Hello everyone, I just got a baby bn pleco today (about 1 1/2 - 2in long) and have placed it in a small isolation tank within my main tank. It looks okay now but I am concerned about when the pleco gets too big for the isolation tank but is still too small for my large tank with my large fish. Do you think my opaline gourami or red tailed shark will harm my new pleco? Thanks


----------



## Andarial (Feb 12, 2011)

The gourami probably won't but the Red Tailed Shark might. I don't know much about their behavior besides the fact that when they get to a larger size they can be aggressive to any bottom dwelling fish.


----------



## mileshs95 (Sep 24, 2011)

Here is a pic of the bn in its isolation tank. Will he be okay in there until he gets a little bigger? Should I put substrate in there? Also my red tailed shark is in this picture so you can get an idea of its size.


----------



## Byron (Mar 7, 2009)

If that pleco is around 2 inches as you say, then by comparison the red tailed shark would seem to be 3+ inches, and at this size they can begin to get very nasty. Check the profile [click shaded name].


----------



## Sylverclaws (Jul 16, 2012)

Hm, usually they don't mess with the bottom goers, but it does happen sometimes. Red-Tailed Sharks can get fairly aggressive, but it's usually due to lack of space or too many fish, or a curious nip. As for your Gourami, they usually don't try to eat things unless they can fit in their mouthes...but occasionally some try anyways, and curious poking can be harmful, but usually isn't unless they taste good. My gourami nipped one of my plecos once, the pleco fled very fast and the gourami looked kinda dumbfounded and hasn't bothered him since. ^^;
However, I never had a problem with my red-tailed sharks and plecos when I used to keep them. I can't say for certain on the gourami, as I've only owned the dwarf species and they don't bother much.


----------



## mikey1 (Dec 19, 2012)

"eat him"?.....probably not,

"torcher him, chase him 24/7, kill him".....probably yes


----------



## mileshs95 (Sep 24, 2011)

The shark is about 4-5 in. Does the pleco need anything in his isolation tank?


----------



## Andarial (Feb 12, 2011)

Wood, bristlenoses NEED the roughage of wood, not all plecos need this but the bn's do


----------



## SeaHorse (Dec 27, 2010)

From what I just read in the profile for Red Tail Shark it is somewhat of a scavenger itself... see below... so IMO you would have 2 fish with the same purpose. I may be wrong here. 
Extant fish in this genus primarily graze on aufwuchs--*algae*, small insects, crustaceans, worms, small invertebrates and *detritus*. Omnivorous, they should be fed greens along with the standard aquarium flakes, worms, etc. They have inferior mouths (downward facing) so sinking tablets and pellets containing vegetable matter (algae, spirulina) will be appreciated, with feedings of blanched greens, peas (shelled), cucumber, chopped fruit for variance.
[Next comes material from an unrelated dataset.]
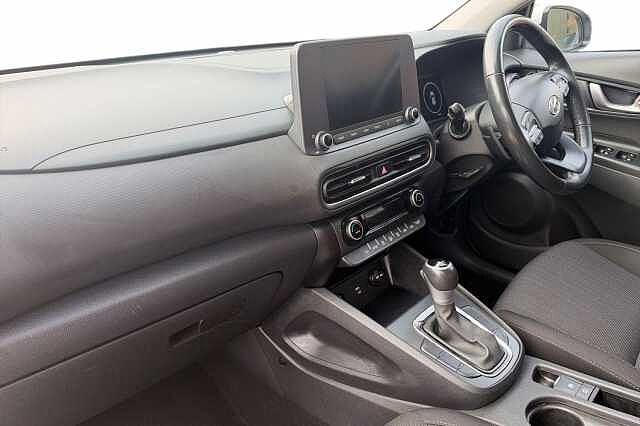 Hyundai KONA 1.6 GDi Hybrid SE Connect 5dr DCT White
Read more: Red Tailed Shark (Epalzeorhynchos bicolor ) Profile

My understanding too is that the Bristlenose Pleco is the best Tank cleaner to have and yes they need wood in the tank. Best worker for their size. So you will not see the benefits if kept in that little holding tank. 

As the RTS needs 48 inches in length of tank and he is getting quite big, yes they do get nasty, have you considered re-homing him? I'm assuming this is the only tank you could put the BNP in? I myself would not want to keep that new BNPleco in that little breeder for too long. JMO.


----------



## mileshs95 (Sep 24, 2011)

I had a large bn pleco in the tank with the RTS and they did not bother each other much. I am just worried about while the plec is small. I have a 10g tank that I could put the bn in, but I would rather not set it up unless I absolutely have to.
_Posted via Mobile Device_


----------